Este año he vuelto a revivir algo parecido en Kenia, donde un grupo de niños jugaban en el cauce de un arroyo, sucios, malvestidos, despeinados… pero llenos de vitalidad y alegría.

Tras su viaje a Angola con Mundo Orenda, en marzo pasado, Desirée no paró de enseñarme fotos y más fotos, vídeos y más vídeos de su estancia en Camizungo. Las fotos y los vídeos volvían a evidenciar lo que yo ya había vivido en Tanzania. Tras un chaparrón, se formaron charcos en el poblado y los niños encontraron un motivo más de juego: correr a toda velocidad y tirarse en los charcos para deslizarse sobre el agua, o simplemente salpicar a tus amigos o chapotear en los charcos (¿os acordáis de pequeños la atracción brutal que suponía pasar al lado de un charco? Te llama poderosamente para que vayas a romper el espejo del agua, y qué sensación cuando saltas sobre él y el agua salpica por todas partes.

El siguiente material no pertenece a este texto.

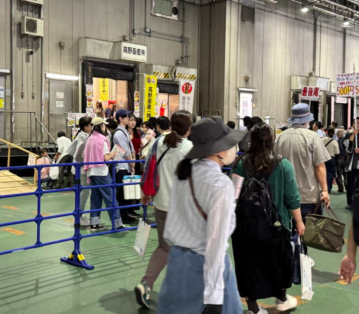 賑わう通路内ブース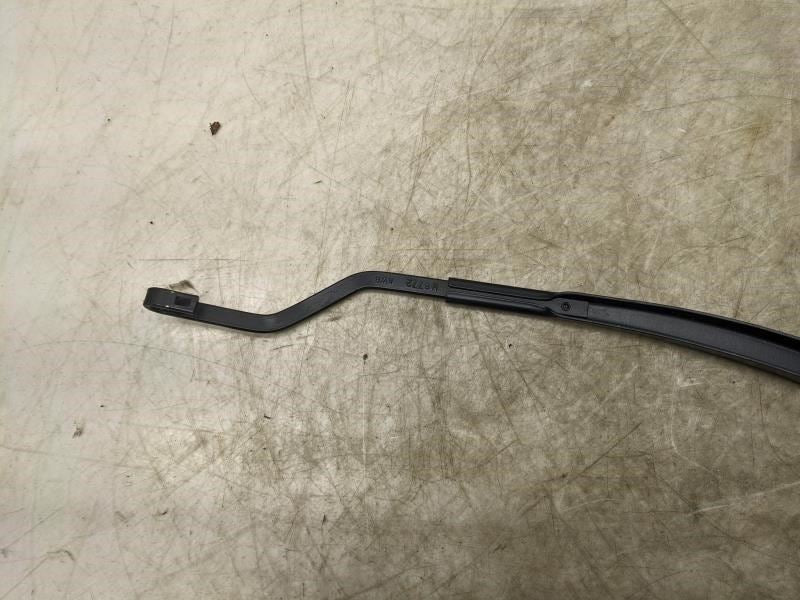 2016-2021 Hyundai Tucson Front Right Windshield Wiper Arm 98321-D3000 OEM - Alshned Auto Parts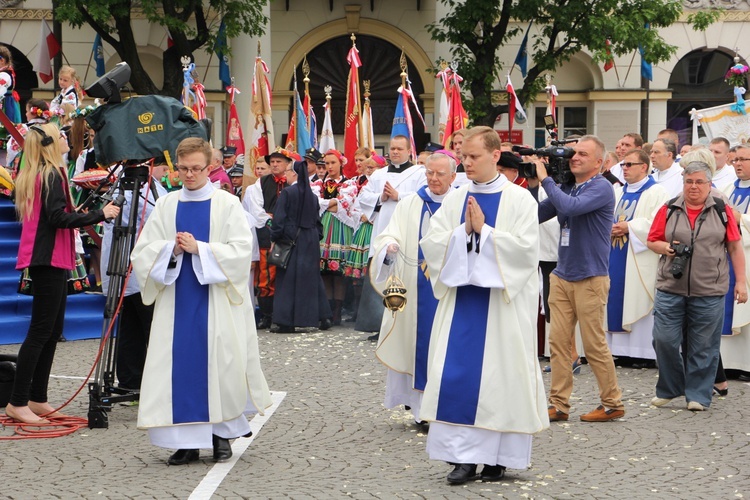 Pożegnanie ikony MB Częstochowskiej w diecezji łowickiej cz. I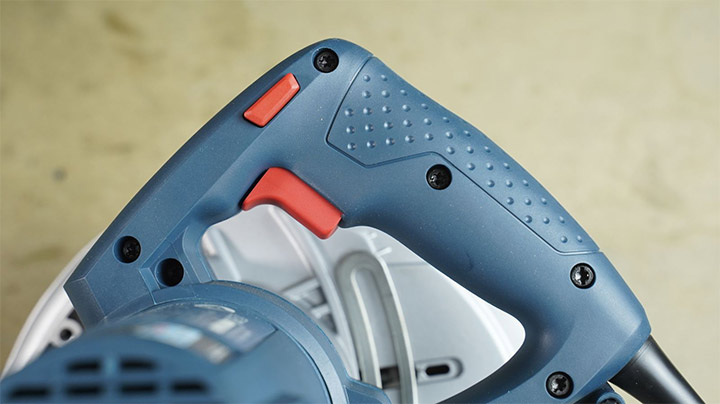 Nút duy trì hoạt động gần công tắc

Patio de la escuela de Camizungo

Ahora, en mi papel de padre responsable, no dejo que mis hijos retocen en un charco, porque supone en mi ordenada vida que tengo que volver a casa corriendo, quitarles toda la ropa, ducharlos de arriba abajo ¿estaban sucios?, y ponerles ropa limpia, y seguramente volver a salir corriendo para llevarlos a que jueguen, esta vez de manera ordenada, en sus entrenamientos de fútbol, baloncesto o natación (ahí van a volver a mojarse y a ducharse de nuevo, pero esta vez es lo correcto).

En nuestras sociedades occidentales trabajamos muy duro para acumular bienes y más bienes, y cuando la publicidad nos convence de que esos bienes no son suficientes o han pasado de moda, trabajamos más duro para comprar más bienes y tirar a la basura los que tenemos, aunque estén en perfecto uso.

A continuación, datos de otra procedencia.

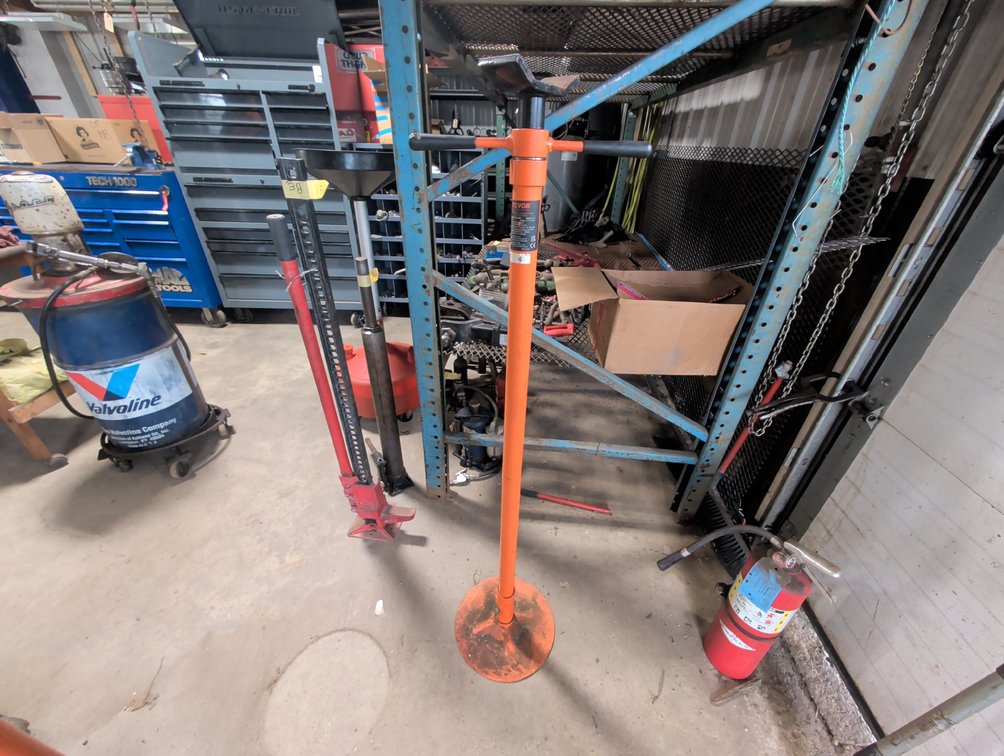 Vevor Adjustable Underhoist Stand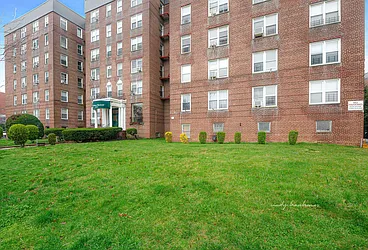 143-25 84 Drive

Y nuestros hijos reproducen los mismos comportamientos. No debería estar permitido que un niño de 5 años esté enfadado porque no ha llegado el paquete de Amazon que pidió hace días, o que tras una discusión con un amigo llegue a casa y se encierre en su cuarto, con depresión y ansiedad (¡cuando yo era pequeño, esas palabras no existían!).

En África, los niños pueden volver a enseñarnos la alegría de vivir, que no es poco.